Editing Your Collection of Ideas
Your final choices should please your eye, feel balanced, and create the mood or feeling that you want.
Color schemes that use tints and shade of the same color.
The effect of a monochromatic color scheme can be subtle and subdued when using a soft color, or dramatic and daring when opting for a rich hue like the deep violet we selected for this bedroom. To keep things interesting, the bedding incorporated slight shifts in color, from garden-fresh hyacinth to deep, rich eggplant. Dashes of crisp white in the pillows, lamps, window coverings, floor, and furnishings – even in the floral bouquet – add to the room’s dramatic feel.
Includes the two colors that oppose each other on the color wheel.
Opposites attract, so it’s no surprise that complementary colors are pleasing to the eye. The warm brick red and rich avocado hues in this dining room bring out the best in one another. Complementary colors enhance each other’s temperature, adding interest and energy to the décor – the perfect color foil for this room’s whimsical accessories.
Use consecutive colors on the color wheel. Create a pleasing palette by using one more prominently than the other two.
A variety of greens create an analogous color scheme that is both soothing and sensational. The tonal richness of these colors beautifully complements the contemporary furnishings of this living space. A refreshing blue-green covers the wall adjoining both the dining room and living room, maintaining the spaciousness of an open floor plan. The soft green wall in the living room helps to define the space, as it coordinates with the dining area, while the yellow-green floor that runs the length of both rooms serves to anchor the overall space.
A sophisticated twist to primary colors includes the smoky blue, russet red, and complex yellow used in this contemporary country room. These muted hues create a room that is colorful and livable, easily incorporating rustic furnishings with more modern accents. Note how easily the traditional glazed pottery works with the more contemporary handcrafted lamp.
One Room, Three Looks
Colors and Paints
Color is a dynamic element in your home’s décor, tying together room furnishings and accessories, as well as creating just the right mood, whether restful, or revitalizing.

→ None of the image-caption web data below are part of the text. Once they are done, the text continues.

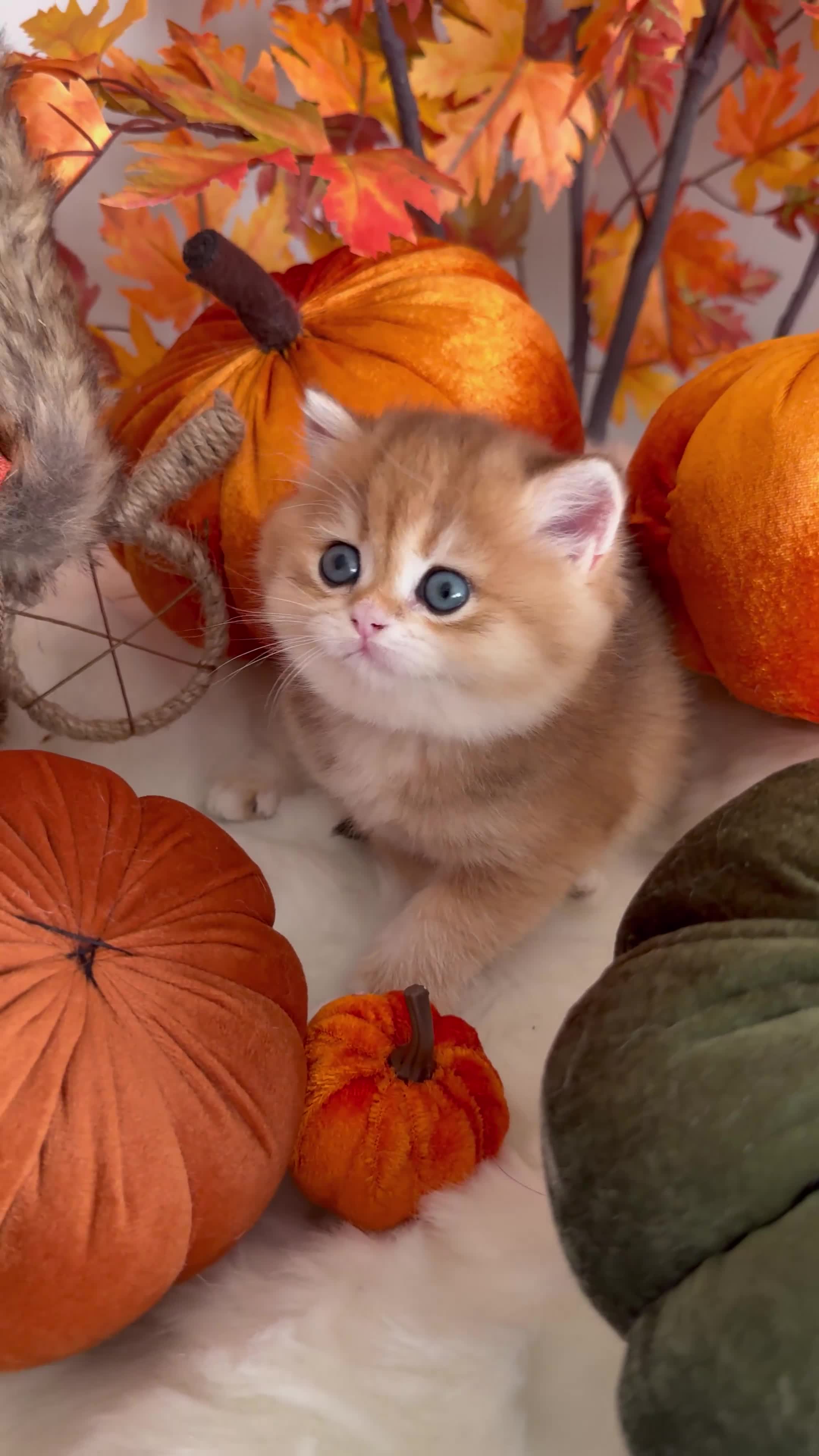 British Shorthair cats for sale: Blue Golden British Shorthair - Video 3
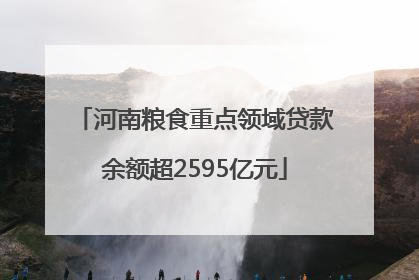 河南粮食重点领域贷款余额超2595亿元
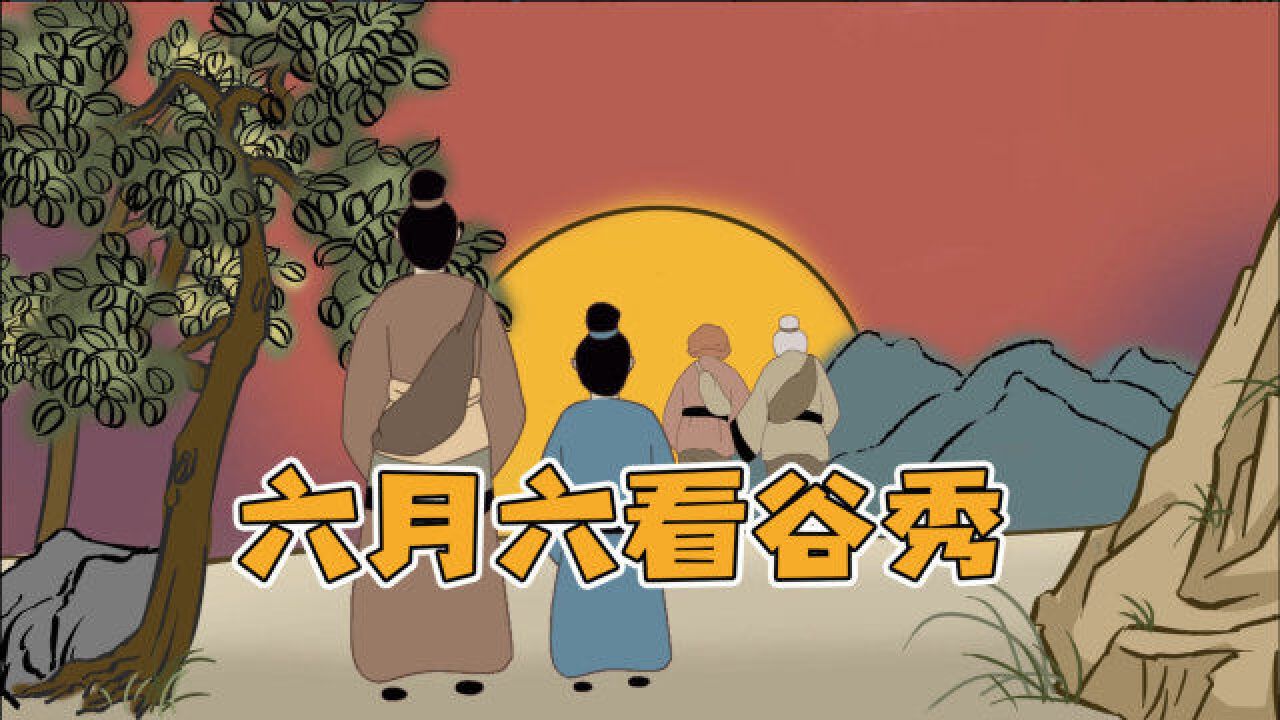 六月六看谷秀的意思是啥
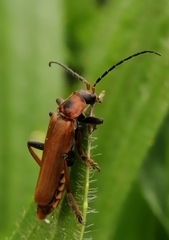 Cantharis coronata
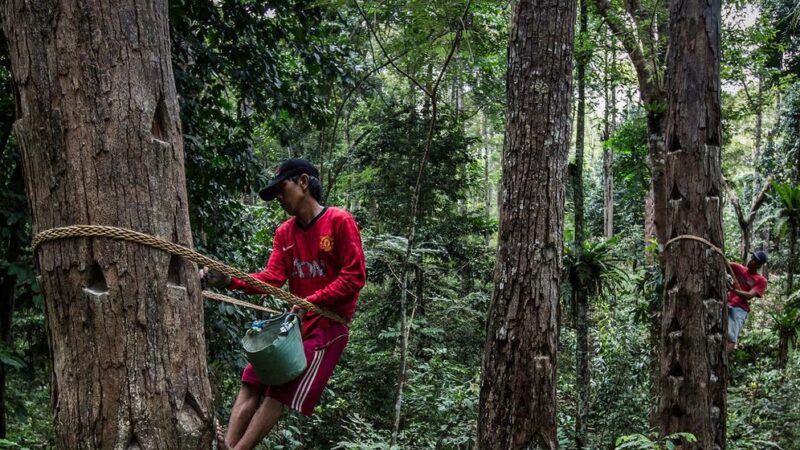 No hay una economía saludable sin un planeta sano, necesitamos los bosques para recuperar ambos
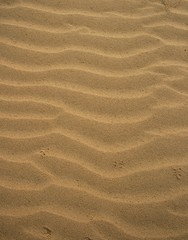 Arena, playa, texturas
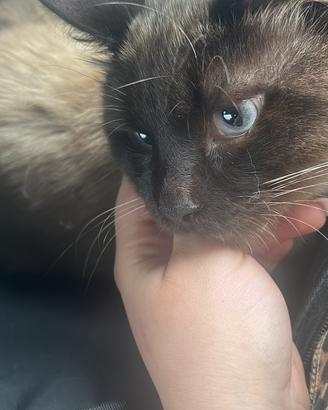 Disponibile per monta tipo siamese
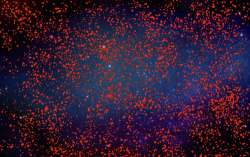 1616539956125.png 1616539956125.png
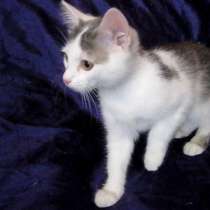 Замурчательный домашний котенок (девочка), в г.Усть-Каменогорск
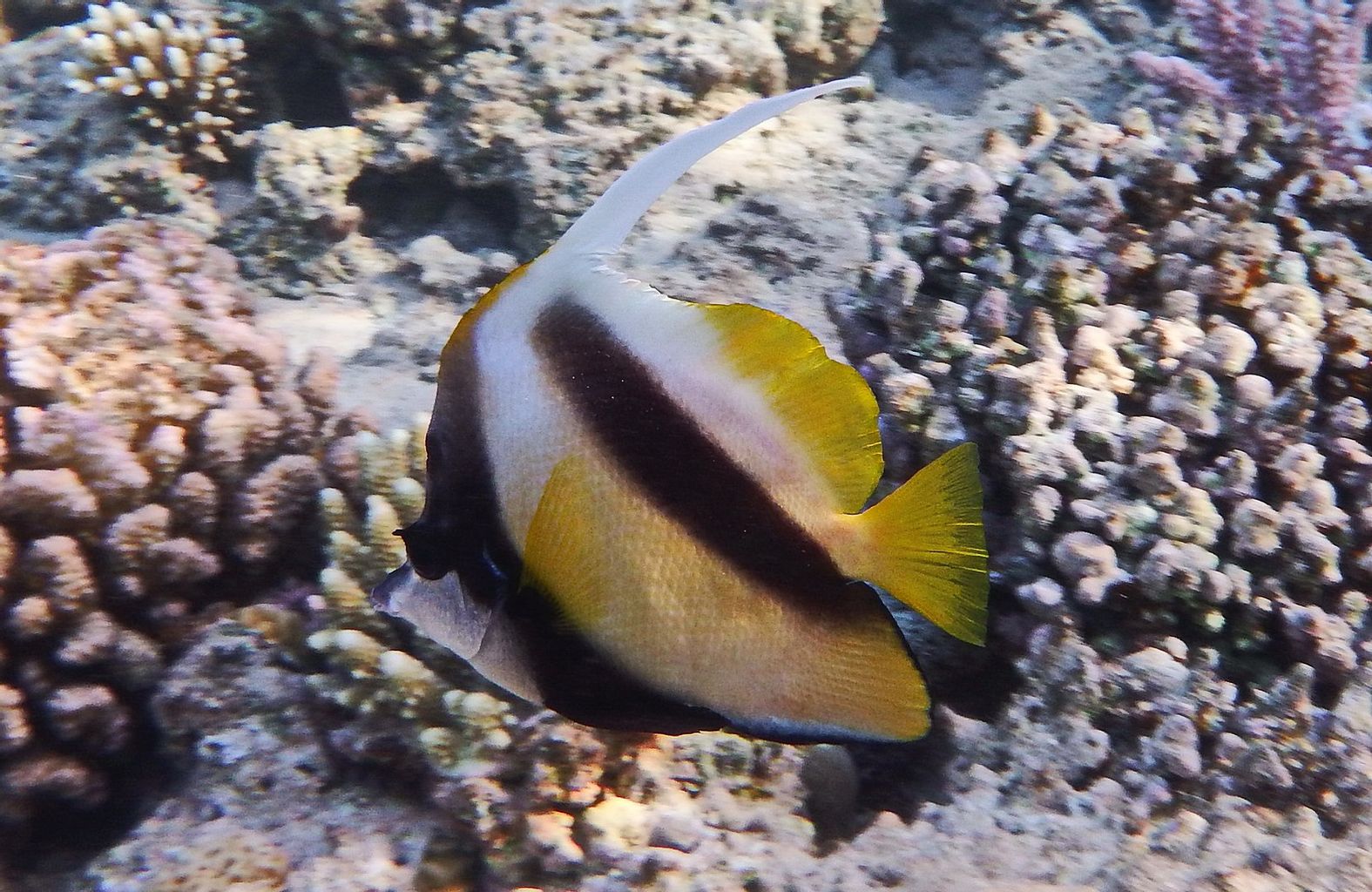 Red Sea Bannerfish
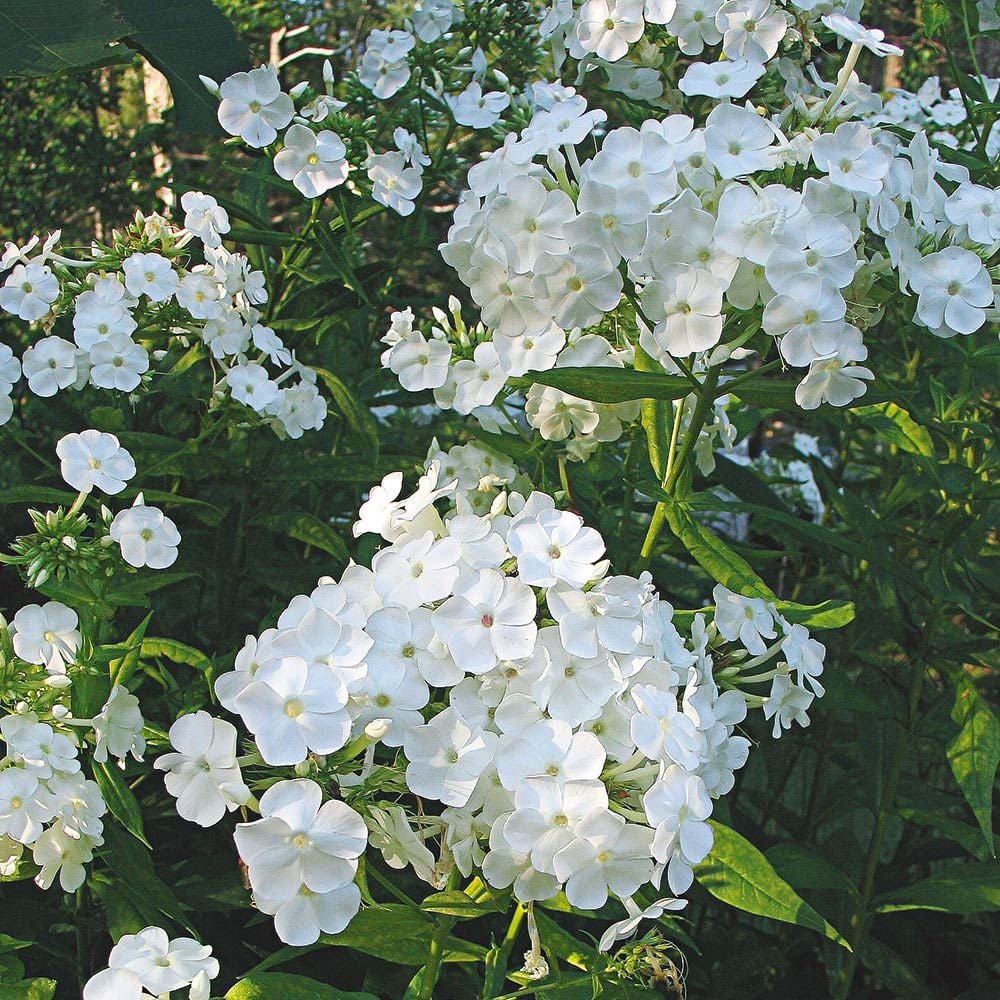 Garden Phlox 'David'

Paint comes in different sheen levels that impact both the aesthetic and functional aspects of a room. Sheen affects the amount of light reflected from the painted surface, hiding or highlighting imperfections and affecting color perception. Sheen levels can also affect the washability of a surface, so traffic and usage can play an important role in determining sheen choice. Paint usually offers five sheen levels: flat, matte, eggshell, satin, and semi-gloss. Generally, the higher the sheen level, the easier the surface is to clean. However, the proprietary formulation of paint allows for all of our finishes to be washable and remain beautiful in any room of your home. Some tips on sheen selection include:
- A flat or matte provides excellent depth of color and is ideal for less-than-perfect surfaces and easy touch-ups. Flat is also the preferred sheen for ceilings due to its nonreflective qualities.
- The subtle sheens of eggshell and satin reveal color with a softly polished glow and provide an easy- to-clean surface that is ideal for kitchens and baths.
- Semi-gloss is particularly durable and stands up well to repeated cleanings – a must for moldings and trim. Its soft sheen provides a beautiful frame to a flat or matte wall, adding a subtle touch of reflective light to any room.